Securities and Exchange Commission
- [Release No. 34-102889 File No. 600-44]
I. Introduction
On December 13, 2024, CME Securities Clearing, Inc. (“CMESC”) filed with the Securities and Exchange Commission (“Commission”) an application on Form CA-1 (“Application”) under section 17A of the Securities Exchange Act of 1934 (“Exchange Act”) seeking to register as a clearing agency.[1] Notice of the Application was published for comment in the Federal Register on January 22, 2025.[2]
The Commission received comments on the Application.[3] Each commenter either expressed support for the Application or generally expressed support for the expansion of access to the clearing of transactions in U.S. Treasury securities through the approval of new clearing agencies.[4] The commenters also recommended that CMESC consider changes to the Application that, among other things, would address regulatory capital concerns for participants in the clearing agency that are banking organizations,[5] modify its margining practices to facilitate the withdrawal of excess margin,[6] provide participants that are Members more control over actions taken by Users that would affect the Members' management of its financial risks,[7] clarify certain procedures that permit a User to have a direct relationship with CMESC,[8] and modify certain risk management and default management provisions of its proposed rules to enhance risk management and reduce cost.[9]
Section 19(a)(1) of the Exchange Act requires the Commission, within ninety days of the date of publication of notice of an application for registration as a clearing agency, or such longer period as to which the applicant consents, to, by order, grant such registration or institute proceedings to determine whether such registration should be denied.[10] This order institutes proceedings under section 19(a)(1)(B) of the Exchange Act to determine whether CMESC's Application for registration as a clearing agency should be granted or denied, and provides notice of the grounds for denial under consideration by the Commission, as set forth below.
II. Description of the Application
CMESC is applying to register as a clearing agency to provide central counterparty clearing services to market participants for their secondary cash market transactions in U.S. Treasury securities and transactions in repurchase and reverse repurchase agreements involving U.S. Treasury securities.[11] The Application provides detailed information regarding how CMESC proposes to satisfy the requirements of the Exchange Act.
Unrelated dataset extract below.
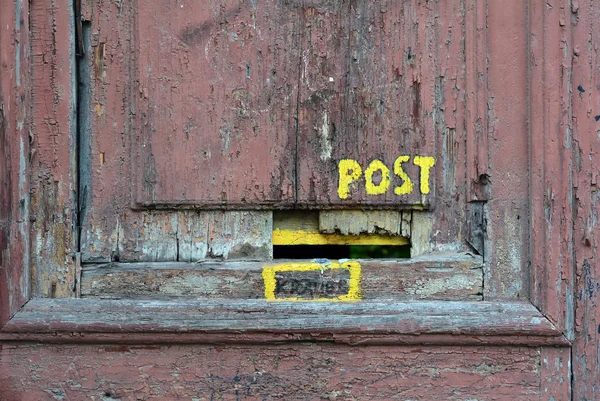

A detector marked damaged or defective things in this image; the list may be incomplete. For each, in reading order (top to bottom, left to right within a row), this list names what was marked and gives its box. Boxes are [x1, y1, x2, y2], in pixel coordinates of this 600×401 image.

splintered wood edge [0, 298, 568, 346]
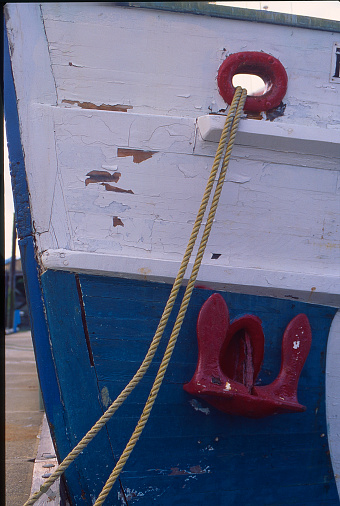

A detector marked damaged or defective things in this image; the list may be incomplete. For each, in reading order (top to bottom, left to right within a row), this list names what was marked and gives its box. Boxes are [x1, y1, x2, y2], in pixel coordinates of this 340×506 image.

The proposed Rules of CMESC are included as Exhibit E-3 to CMESC's Application.
The Application states that CMESC would be wholly owned by its parent company, CME Group, Inc.[12] CMESC is a corporation registered in the state of Delaware.[13] CMESC would have its own Board of Directors, made up of at least five independent directors, one member representative, and one user representative.[14] CMESC would also have several Board committees, including a Nominating Committee, Audit Committee, Regulatory Oversight Committee, and Risk Management Committee.[15]
CMESC's proposed Rules describe two types of participants: first, Members, which would be able to clear proprietary Eligible Securities Transactions through CMESC and to authorize Users with respect to clearing Eligible Securities Transactions through CMESC; and second, Users, which would be authorized by a Member and would be further classified as Independent Users or Supported Users. CMESC states that the primary difference between these User Types is that an Independent User is obligated to post margin and make variation payments to CMESC for its Independent User Account, whereas that obligation falls to a Supported User's authorizing Member in relation to the Supported User's Supported User Account at CMESC. For both types of Users, the User is directly liable to CMESC for settlement of their cleared transactions.[16]
A Member that authorizes a User is responsible for guaranteeing the financial performance of that User beyond the margin posted to the User's Account at CMESC, and in this respect Members, but not Users, are required to make contributions to CMESC's Guaranty Fund. A person will be admitted as a User only with the authorization of a Member and may utilize the Clearing Services as a User only for so long as it has a Member's authorization in place. In contrast to Members, CMESC does not impose direct financial responsibility requirements on User applicants and instead relies upon Members that authorize Users to determine the appropriate financial responsibility standards to impose, based on their assessment of a User's financial circumstances and their obligations to conduct due diligence of their authorized Users.[17]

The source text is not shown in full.